PROBLEM TO SOLVE: Please make sure what you return matches the listing below exactly, minus its pictures.

----

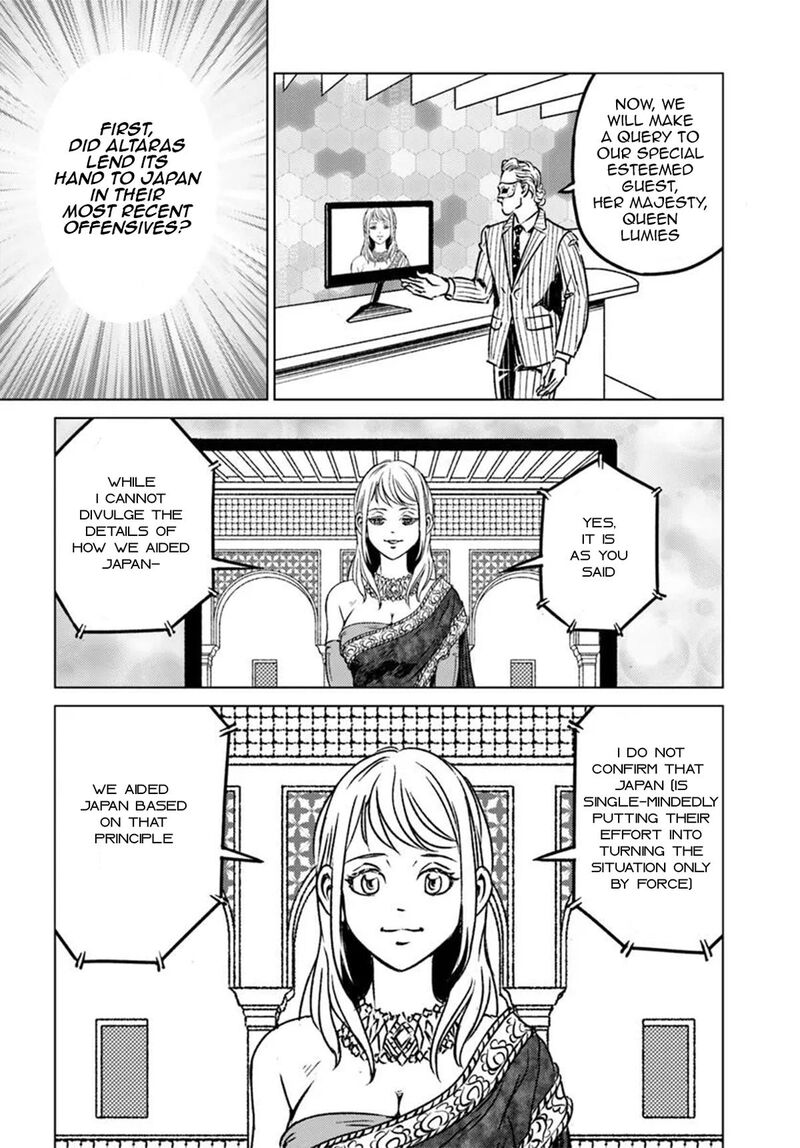 Japan Summons Chapter 45 Page 14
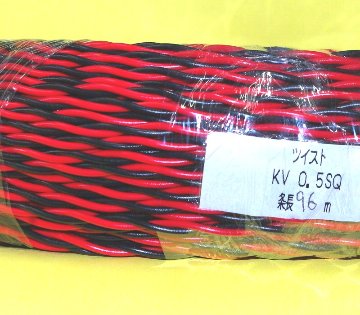 VTF ビニル電線 ツイスト撚り線 0.5SQ 赤黒 100m巻 電子機器 配線用電線画像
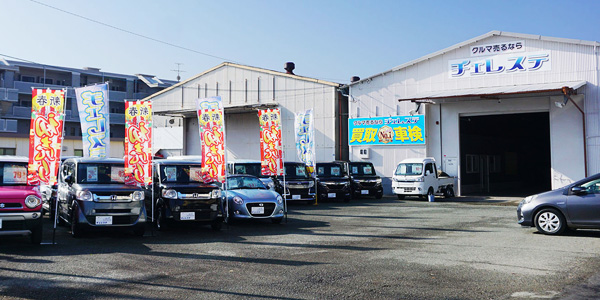 チェレステ 保田窪店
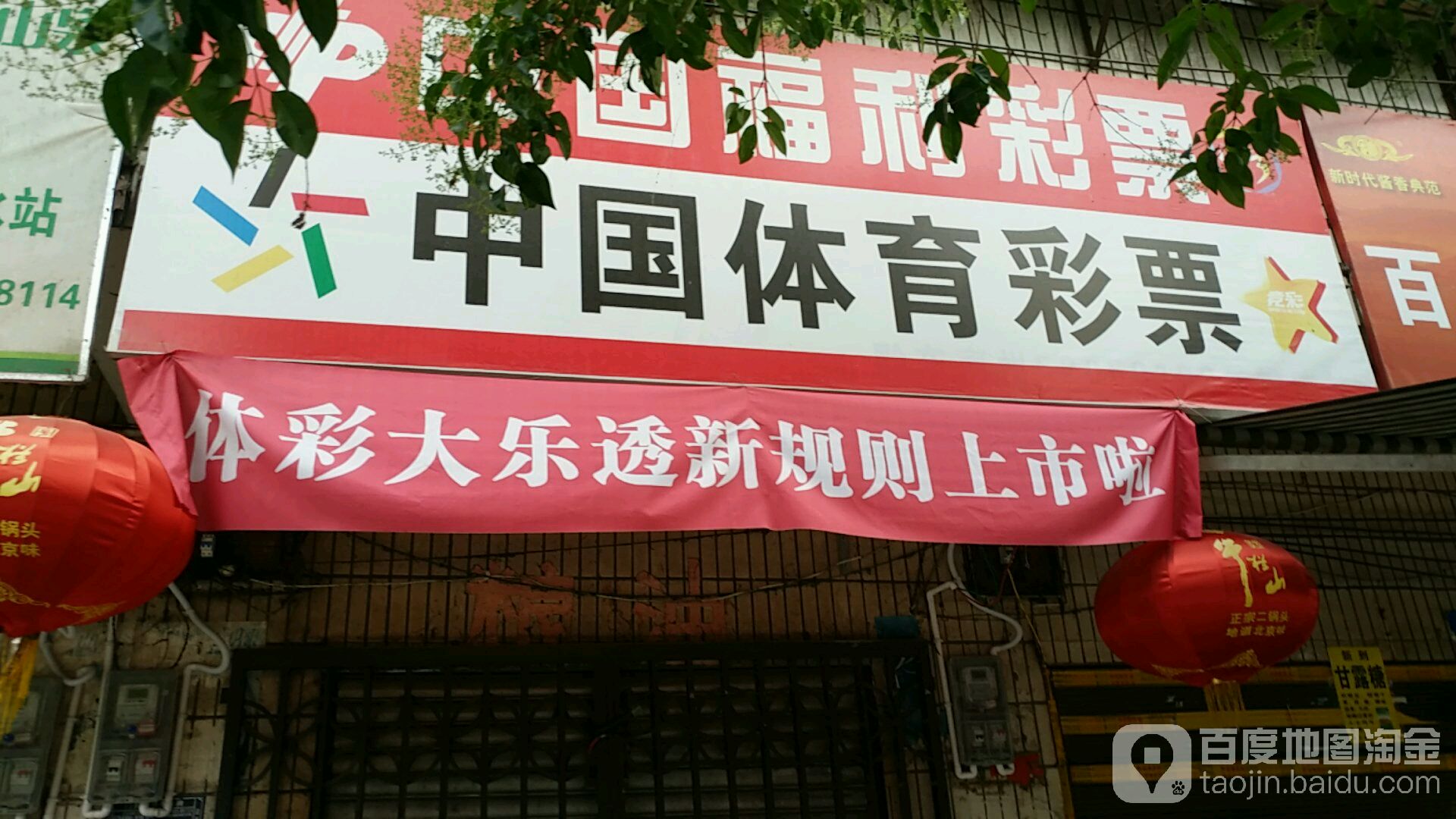 彩票销售店(滨江路店)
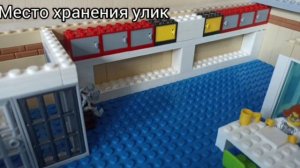 Часть 16. Полицейский участок из Лего. Обзор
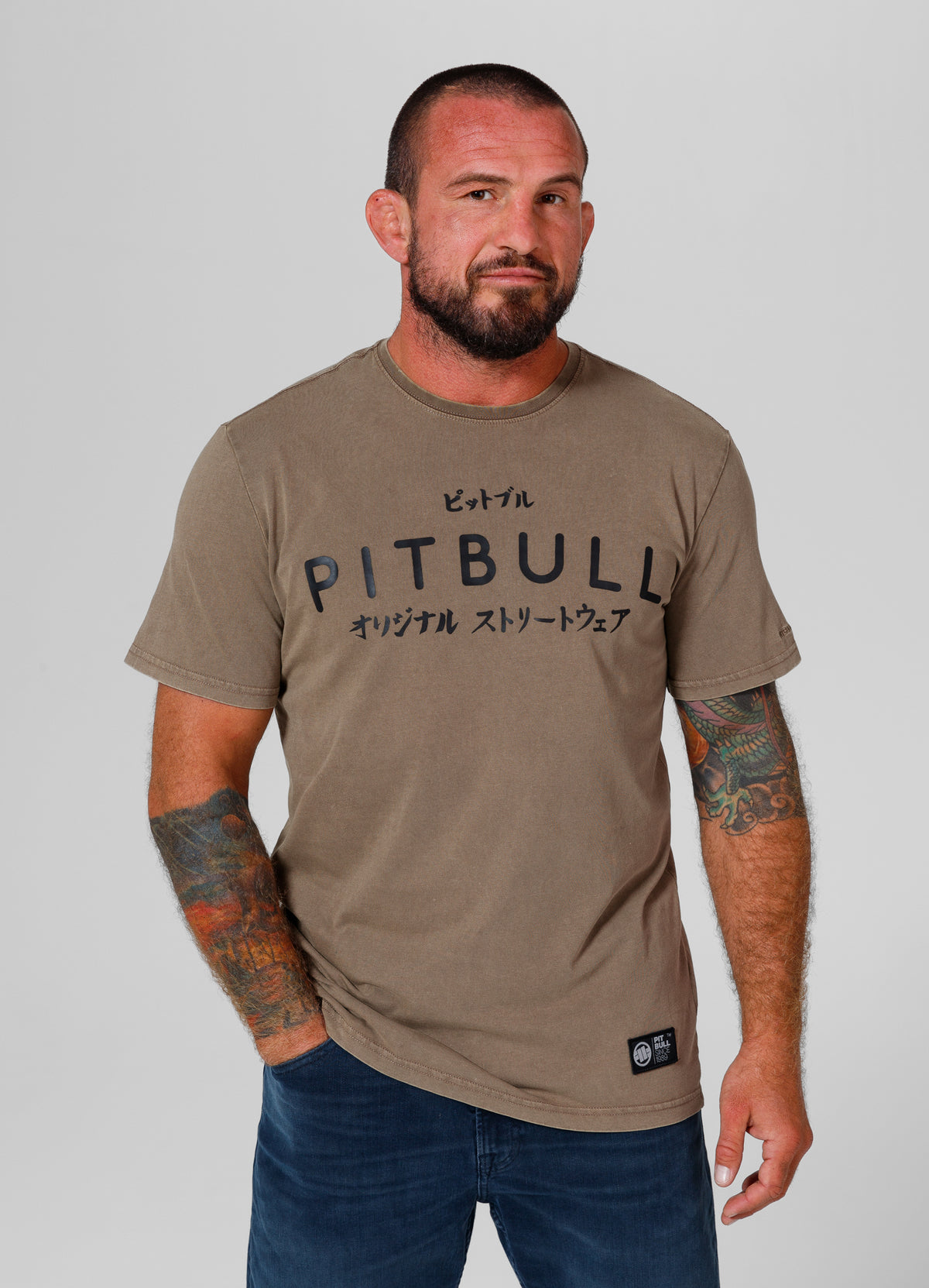 T-Shirt Bravery - Coyote Brown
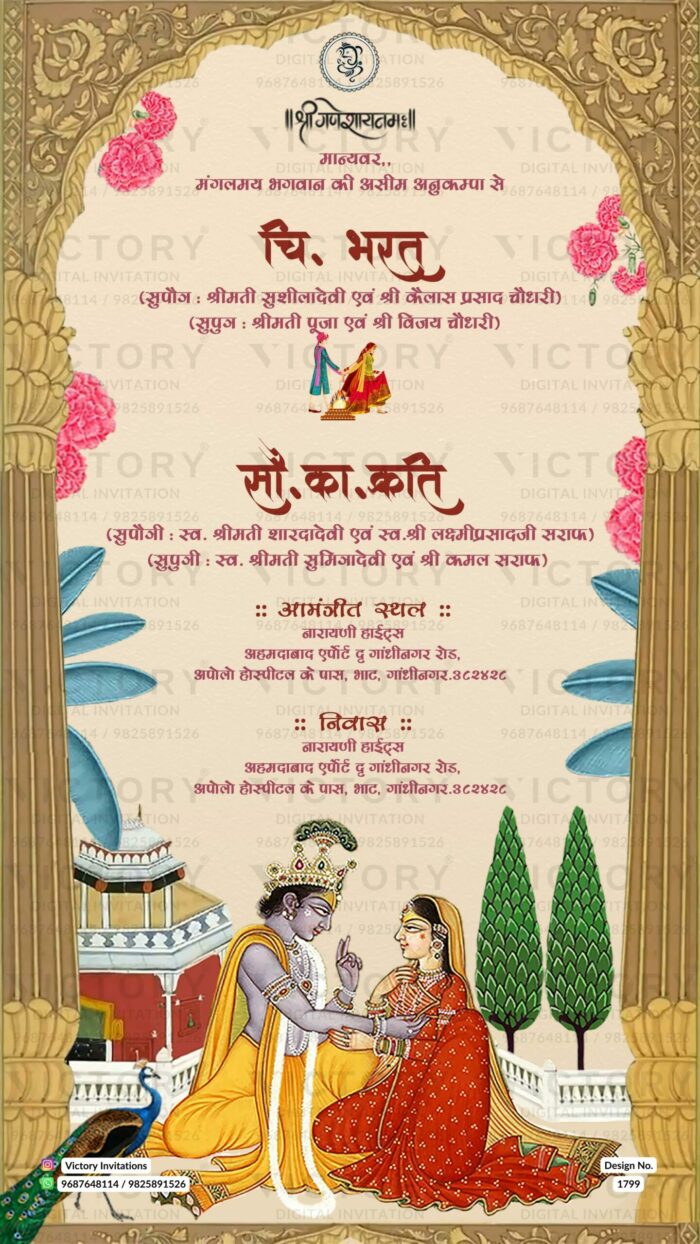 Pastel Beige and Green Vintage Radha Krishna Theme Indian Digital Wedding Invitations, Design no. 1799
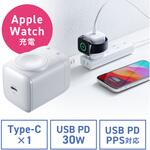 AC充電器 USB Power Delivery対応 サンワダイレクト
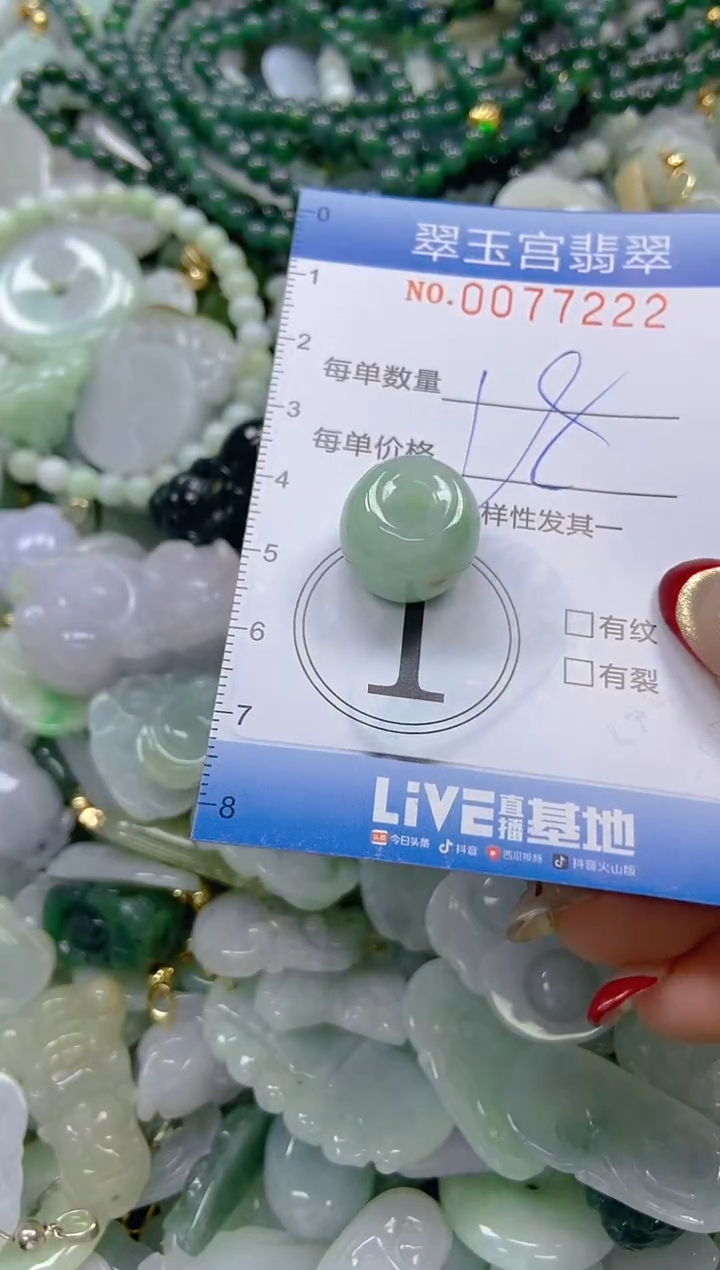 【闪购商品】翡翠颈饰未镶嵌闪购0077222
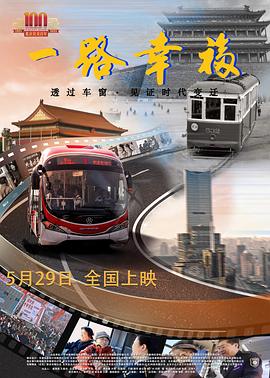 《深夜航班第二季》电视剧高清全集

----

SOLUTION TO THIS EXERCISE:
 Japan Summons Chapter 45 Page 14
 VTF ビニル電線 ツイスト撚り線 0.5SQ 赤黒 100m巻 電子機器 配線用電線画像
 チェレステ 保田窪店
 彩票销售店(滨江路店)
 Часть 16. Полицейский участок из Лего. Обзор
 T-Shirt Bravery - Coyote Brown
 Pastel Beige and Green Vintage Radha Krishna Theme Indian Digital Wedding Invitations, Design no. 1799
 AC充電器 USB Power Delivery対応 サンワダイレクト
 【闪购商品】翡翠颈饰未镶嵌闪购0077222
 《深夜航班第二季》电视剧高清全集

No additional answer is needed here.